RESULTS AND DISCUSSION

To evaluate the classification accuracy of DAMC-MC, we chose three well known and excellent classifications: KNN (Athitsos et al., 2005), SVM (Furey et al., 2000) and Alpha (Seo and Oh, 2013). We chose 8 microarray multi-class datasets, which are shown in Table 1. As we mentioned, feature selection is required as preprocessing for classification of a high dimensional dataset.
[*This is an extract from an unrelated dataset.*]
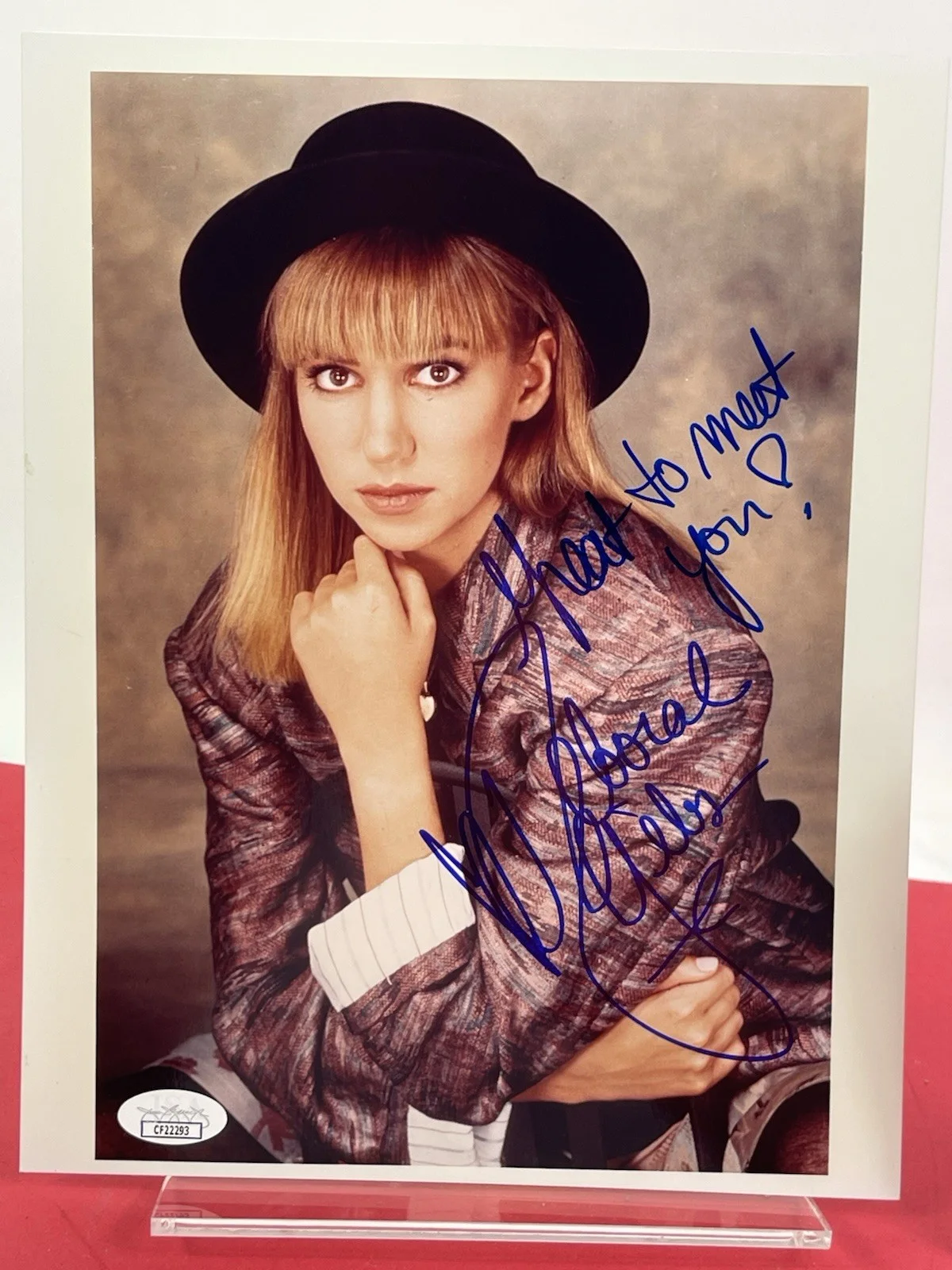 Debbie Gibson hand signed 8x10 photograph JSA Certified ( #2), изображение 2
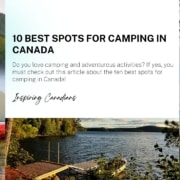 10 Best Spots for Camping in Canada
Fig. 4:	Calculating support degree and merge process

Table 1:	Summary of benchmark datasets

We tested RFS, FSDD, ReliefF and CBFS algorithms for classification algorithms, except DAMC-MC. The DAMC-MC has an embedded feature selection mechanism and does not need another feature selection algorithm. The RFS (Lee et al., 2013) is based on the R-value (Oh, 2011), which is a measure used to capture the congestion area among classes in a feature. The basis of the FSDD algorithm is to identify the features that result in good class separability among classes and to ensure that samples in the same classes are as close as possible. ReliefF is regarded as one of the most successful features of selection algorithms. The basic idea of ReliefF is to iteratively estimate feature weights according to their ability to discriminate between neighboring instances. The CBFS is a very efficient feature selection algorithm based on the CScore measure. The CScore calculates the degree of samples located in the correct class region. The CBFS showed less computation time and good classification accuracy. For the SVM test, we used the LIBSVM tool (Chang and Lin, 2011) with a linear kernel. User defined values of FSDD were Beta = 3 and K = 3. In the case of ReliefF, we used K = 7. The proposed DAMC-MC uses K = 5. We used a well-known validation method, k-fold cross validation (Bengio and Grandvalet, 2004), where k = 5 to avoid the over-fitting problem of classification work. Table 2 shows the experimental parameters for each classification algorithm when they achieve the best accuracies.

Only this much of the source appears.